Since 1945, the Omaha Star has been the only African-American paper in Omaha. In the 1940s, the building provided a home for the DePorres Club, an important civil rights organization in Omaha. Brown invited the DePorres Club, a youth-led activism organization, to use her offices after the group was exiled from nearby Creighton University.

Brown ensured that the Omaha Star kept the community apprised of national issues, especially the civil rights movement's successes and failures across the country and throughout the city. Journalists researched the issues and presented the facts to its readers, and then urged involvement, but it also provided a voice and a face for the community in general.

In 2007, the City of Omaha unanimously approved a community development block grant to fund a $40,000 renovation for the building. During the renovation, the building's hallmark 1940s sign was temporarily taken down for refurbishing. The sign features the newspaper's name, a map of Africa and a large star that lights up at night.
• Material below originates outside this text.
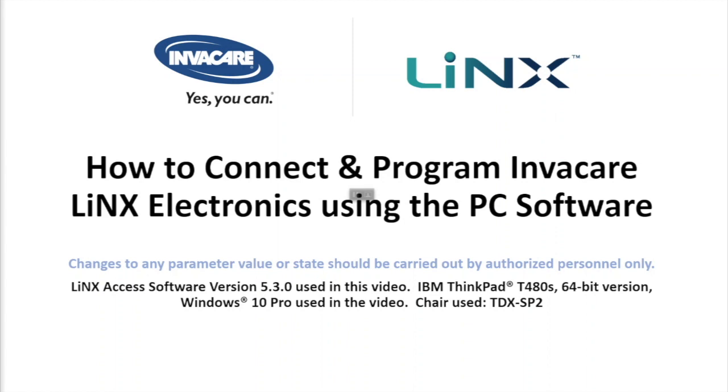In this tutorial, we will be showing you how to connect and program the Invacare Lynx Electronics using the PC tool on a Windows laptop.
Dr. Marguerita Washington, Mildred Brown's niece, ran the paper from her aunt's death in 1989 until her own death in 2016. Speaking of the NRHP designation, Dr. Washington said, "I wanted it in recognition for my aunt because of all that hard work she did in the community." The building is owned by the Mildred D. Brown Memorial Study Center, which also currently owns The Omaha Star as well.

The city dedicated the Mildred Brown Memorial Strolling Park in May 2008 next to the Omaha Star Building. Constructed as a service learning project by students from the Metropolitan Community College, the park includes walkways and planting beds.